START Source records
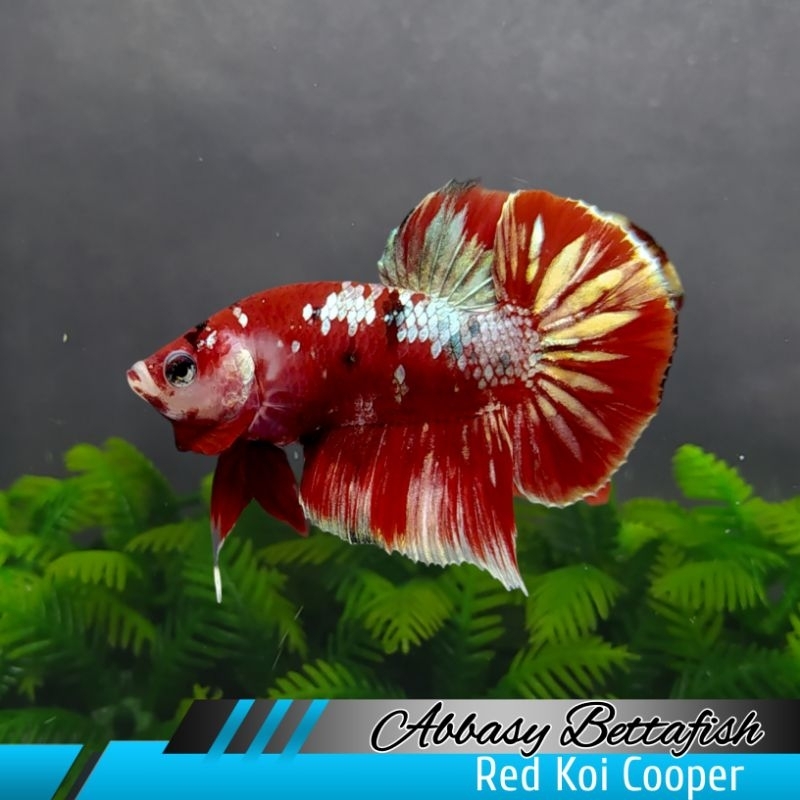 Plakat Red Koi Cooper Soft Gold Male Real Pictures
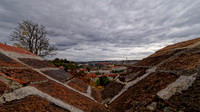_1000627_DxO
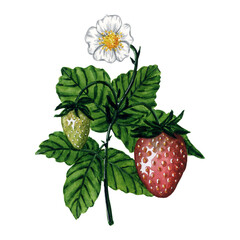 Fresh and juicy strawberries isolated on white background, hand drawn watercolor strawberry illustration. Watercolor berries illustration for background, pattern, postcard, greeting, logo, menu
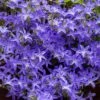 Blue Waterfall Bellflower (Campanula) -Cheap Plant & Flowers Store campanula blue waterfall 1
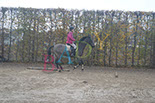 Badyhoeve is een terrein dat tot 3kinderen en hun pony's met de hond Djackson behoort.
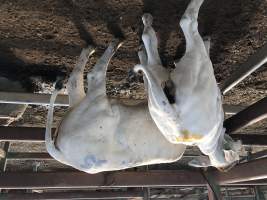 Captured at Moreton Saleyard, Purga QLD Australia.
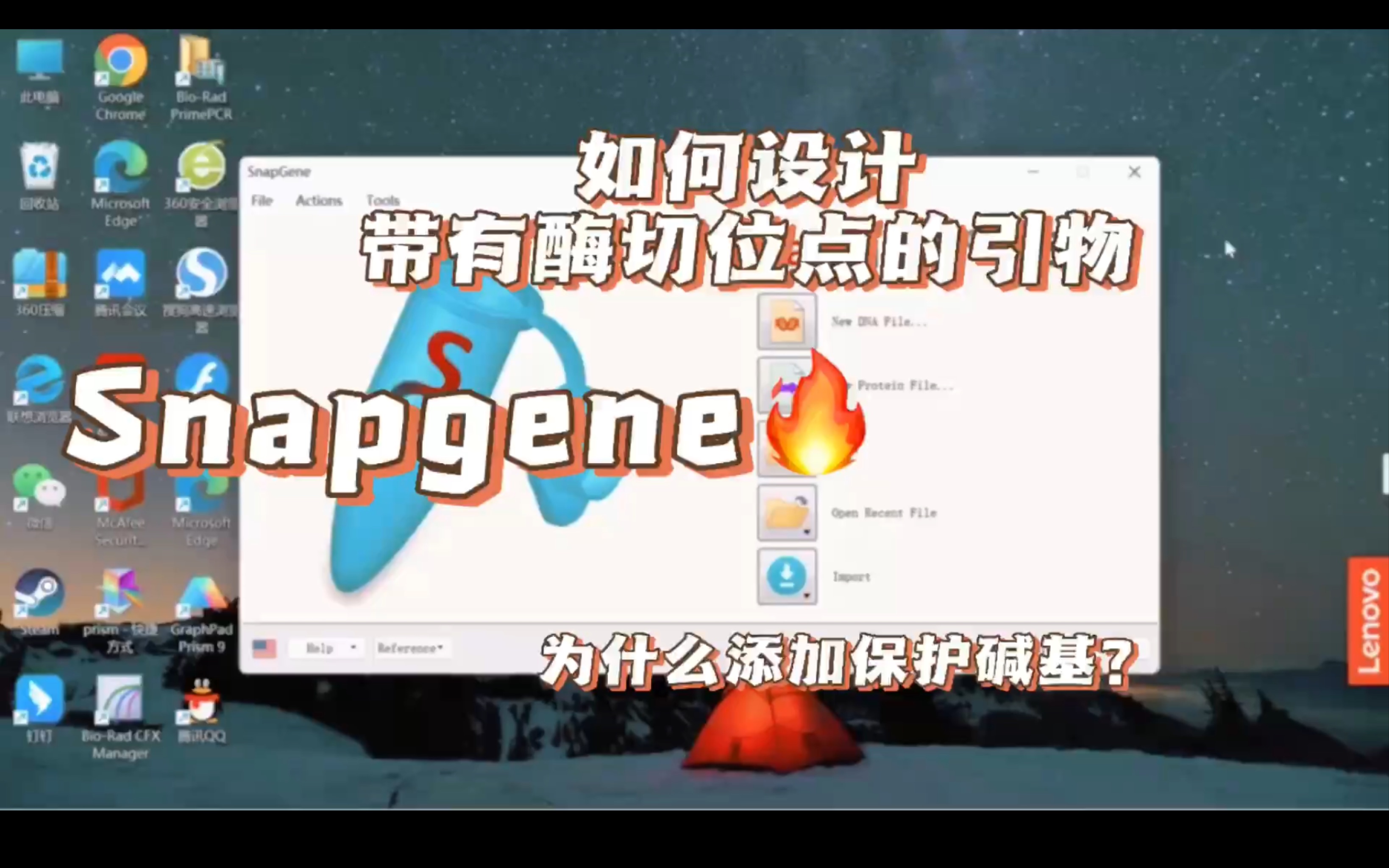 Snapgene3 如何设计带有酶切位点的引物?什么是保护碱基?哔哩哔哩bilibili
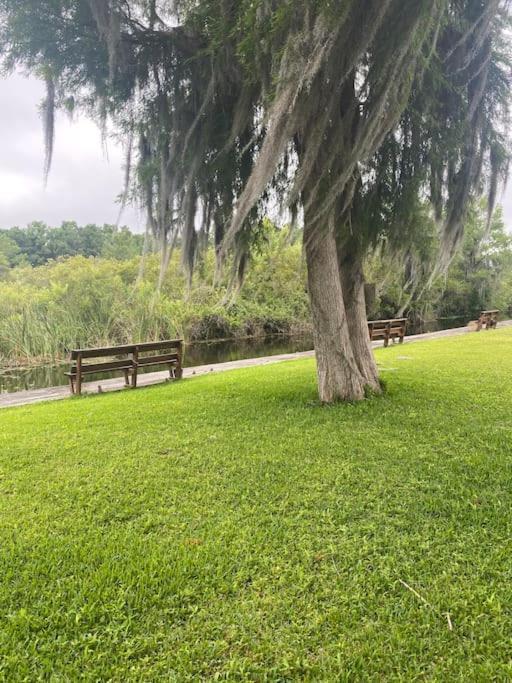 Professor Rousseau'S Manatee Bay Apartment Crystal River Bagian luar foto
END Source records
■ Action item ■
Only the lines from the start of the records to the line with "Fresh and juicy" belong in the copy. Print them exactly, minus pictures.

■ Response below ■
 Plakat Red Koi Cooper Soft Gold Male Real Pictures
_1000627_DxO
 Fresh and juicy strawberries isolated on white background, hand drawn watercolor strawberry illustration. Watercolor berries illustration for background, pattern, postcard, greeting, logo, menu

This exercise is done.